The Rays shook off the ghosts of Red Sox past to win their first American League pennant, winning a tight game 3–1. Dustin Pedroia got the Red Sox off to a good start with a one-out homer in the first off Matt Garza, but Garza settled in and delivered an MVP performance. Tampa Bay tied the game in the fourth with an Evan Longoria RBI double, then went ahead in the fifth on an RBI single by Rocco Baldelli. In the seventh, Willy Aybar added insurance with a home run to lead off. In the eighth, David Price, who made his major league debut a little over a month before came on to pitch to J. D. Drew with the bases loaded and struck him out on a checked swing. In the ninth, Price recorded his first Major League save by getting Jed Lowrie to ground into a force play to Akinori Iwamura. With the win, the Rays became the second team to go to the World Series after posting the worst record the year before, joining the 1991 Atlanta Braves, who went on to lose to the Minnesota Twins.
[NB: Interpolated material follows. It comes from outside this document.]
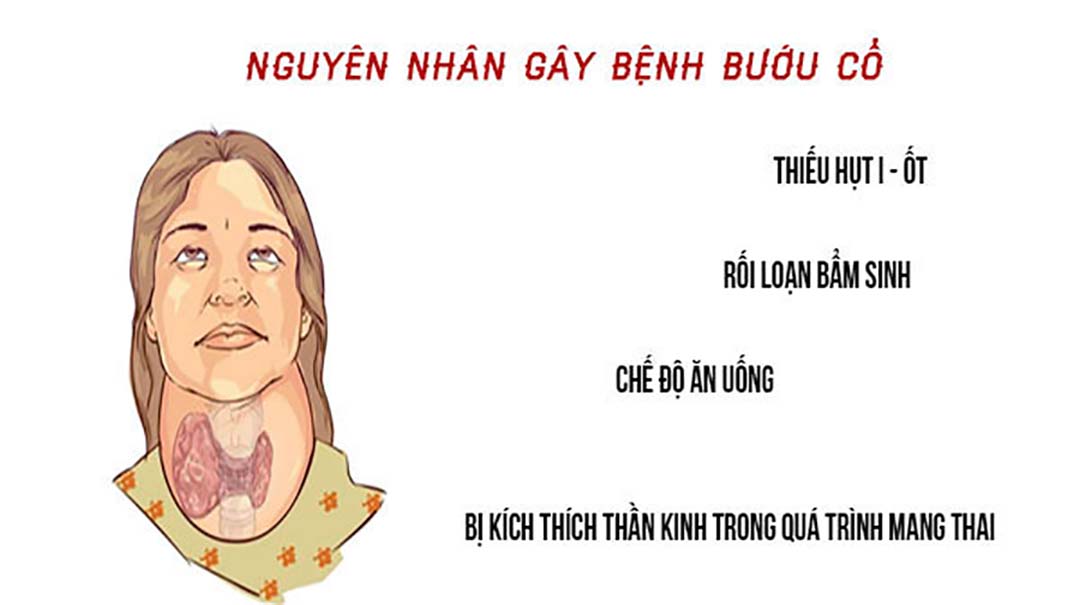 Các nguyên nhân dẫn đến bệnh bướu cổ.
October 19, 2008 8:09 pm (EDT) at Tropicana Field in St. Petersburg, Florida 73 °F (23 °C), dome
| Team | 1 | 2 | 3 | 4 | 5 | 6 | 7 | 8 | 9 | R | H | E |
| Boston | 1 | 0 | 0 | 0 | 0 | 0 | 0 | 0 | 0 | 1 | 3 | 0 |
| Tampa Bay | 0 | 0 | 0 | 1 | 1 | 0 | 1 | 0 | X | 3 | 6 | 1 |
WP: Matt Garza (2–0) LP: Jon Lester (0–2) Sv: David Price (1) Home runs: BOS: Dustin Pedroia (3) TB: Willy Aybar (2)

==Composite box==
2008 ALCS (4–3): Tampa Bay Rays over Boston Red Sox

| Team | 1 | 2 | 3 | 4 | 5 | 6 | 7 | 8 | 9 | 10 | 11 | R | H | E |
| Tampa Bay Rays | 8 | 1 | 11 | 2 | 6 | 5 | 3 | 5 | 1 | 0 | 1 | 43 | 61 | 6 |
| Boston Red Sox | 3 | 1 | 3 | 0 | 4 | 3 | 6 | 7 | 1 | 0 | 0 | 28 | 57 | 0 |
Total attendance: 265,926 Average attendance: 37,989

==Aftermath==
After being plagued by futility as the Devil Rays, amassing just a .399 winning percentage over their brief first 11 years as a franchise, the “worst-to-first” 2008 Rays set a new standard of success for baseball in Tampa Bay. The Rays success continued as they won at least 90 games from 2010–2013, for a team with one of the lowest payrolls in baseball in a division with the Yankees and Red Sox, the two highest spending teams at the time.

In 2011, The Red Sox became the first team in the history of Major League Baseball to have a nine-game lead in September and fail to make the postseason that season, thanks to their 7–20 record in the final month of the regular season. Their collapse allowed the Rays to sneak past them to win a wild card spot. The Red Sox avenged their 2011 collapse and 2008 ALCS series loss to the Rays in the 2013 American League Division Series, beating Tampa Bay in four games. The Red Sox would go on to win the World Series in 2013, their third championship in nine seasons. The Red Sox would later go on to beat the Rays in the 2021 American League Division Series in four games, as well.

Kevin Cash, a back-up catcher in 2008 for the Red Sox, has been the Tampa Bay Rays manager since 2018, winning the manager of the year in 2020. Cash was also a part-time catcher for Tampa Bay in 2005.